I see powerlifters & arms wrestlers training alot with fat grips where i train.


----------



## Wheyman (Sep 6, 2011)

zack amin said:


> im coming as creatine, we can be two pea's in a pod


Great, but together taht combination would be to much even for some of the pro BBuilders cant take that much Gains


----------



## lumpo (Aug 8, 2012)

been using pipe lagging but defo buying these soon tho, 30quid on amazon btw


----------



## TryingToGetBig (May 20, 2010)

I just got mine in the post today, not used them yet though.


----------



## monkeybiker (Jul 21, 2010)

zack amin said:


> you can use a towel, or a tshirt wrapped around a bar for the same effect, but obviously youd be better off with the real deal. ill be purchasing one, atm using a goldsgym wrist roller, love it, @Wheyman you going to have some there? i shall be looking out for you, im assuming youl be the guy looking like a bag of protien, what flavour you going as?

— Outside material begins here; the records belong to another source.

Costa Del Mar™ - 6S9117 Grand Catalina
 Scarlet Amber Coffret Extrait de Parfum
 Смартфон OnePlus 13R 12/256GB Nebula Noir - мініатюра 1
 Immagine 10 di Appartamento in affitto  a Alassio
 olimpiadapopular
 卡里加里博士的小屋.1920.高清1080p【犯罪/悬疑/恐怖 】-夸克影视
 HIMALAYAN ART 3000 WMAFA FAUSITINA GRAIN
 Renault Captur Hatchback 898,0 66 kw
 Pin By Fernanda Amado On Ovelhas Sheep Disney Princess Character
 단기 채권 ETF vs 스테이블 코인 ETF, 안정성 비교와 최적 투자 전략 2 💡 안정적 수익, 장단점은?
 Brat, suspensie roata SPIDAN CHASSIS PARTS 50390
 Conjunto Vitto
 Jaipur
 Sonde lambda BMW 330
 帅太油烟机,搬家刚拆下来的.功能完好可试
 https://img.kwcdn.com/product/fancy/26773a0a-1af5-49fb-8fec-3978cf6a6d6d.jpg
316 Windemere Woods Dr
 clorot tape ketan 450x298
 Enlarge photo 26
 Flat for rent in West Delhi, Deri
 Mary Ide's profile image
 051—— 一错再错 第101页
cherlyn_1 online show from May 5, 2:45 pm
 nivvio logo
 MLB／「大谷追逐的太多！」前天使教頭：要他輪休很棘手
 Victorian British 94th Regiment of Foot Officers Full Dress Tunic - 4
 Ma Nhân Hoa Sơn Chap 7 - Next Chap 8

They are easy to make if you have the material. Motorcycle inner tubes work quite well.


----------



## Jon.B (Mar 8, 2011)

Ive looked at these, whats the benefits?


----------



## monkeybiker (Jul 21, 2010)

Jon.B said:


> Ive looked at these, whats the benefits?


If you are doing rows or curls it makes it harder on your grip and trains your forearms.


----------